DM:  Are you shooting at the one on the left or the right?
Osix:  Yes.

DM:  You hit him and he goes down the toilet.

Thistle:  I'll draw a little barn since he's stable.

Looney:  Are there more monkeys?
DM:  No those are ninjas.

Thistle:  Does Gerta want to grab my sword as she goes down.
Osix:  That sounds kinky.

Thistle:  We're so cautious now.
Gerta:  Dying will do that to you.

Bartox:  I smash the door open quietly.  I use a pillow.

DM:  You find a small locked chest.
Osix:  I search it for traps.
DM:  You find none.
Osix:  Is it locked?

Talon:  What was that on the floor?
Thistle:  Besides his head.

Talon:  I use my superior intellect to figure it out.
DM:  This is first edition, your superior intellect isn't going to do squat.
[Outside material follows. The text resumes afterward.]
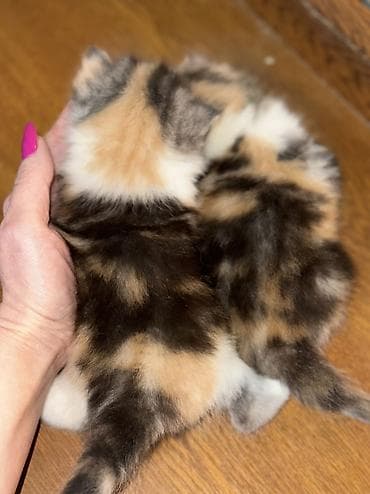 Животные: Чистопородные шотландские котята от красивой привозной пары (Россия) — 7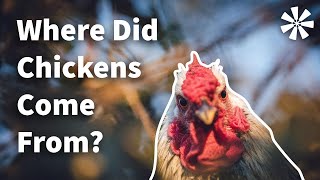 WHERE Did Chickens Come From 🤔 [upl. by Caras]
DM:  The plate mail is for a 7 foot tall guy.  It probably won't fit.
Thistle:  We have a blacksmith.  He can hem it.

Looney:  The ranger has traded her dog for a wild boar.  This is an upgrade because if it dies it can be lunch.

Looney:  I use a mirror to reflect the lightning bolt.
DM: That won't work.
Osix:  What if it was a rubber mirror

Osix:  We almost killed a slanty eyed lady
DM: You racist bastard

Osix: Werebear
Thistle: As opposed to a carebear

DM: You take 10 points of frost damage.
Thistle:  Do you like my frosted tips?
Thistle: You're all dirty.

Osix:  My name used to be Evil Elf Woman

Bartox:  Can I bullrush the minotaur?

Looney: Giant Dwarf

Osix:  The pit trap is secure. *walks forward and falls into it*
Talon:  I laugh uncontrollably.

Osix:  I'm a slowed salty snack right now

Talon:  I throw darts as our sled arrives.  Drive by shooting.

DM: Who's female?

Osix: *returns to gaming table* "I rolled a 20 on that"
Looney:  On your poo check?

Gerta:  I am not goosing the dwarf

Thistle: 9
DM: Nien

Looney:  Are gnolls people?

DM:  The floor is made of sand.
Gerta:  If anyone needs to use the litterbox, now is the time.

Talon (wizard): I'm going to keep it and call it Bob

DM:  3 tentacles lash out at Gerta and 3 tentacles lash out at Buttocks (Bartox)

Players: Roll low!
DM: *Rolls dice into his coffee mug*  Oh it's a 1.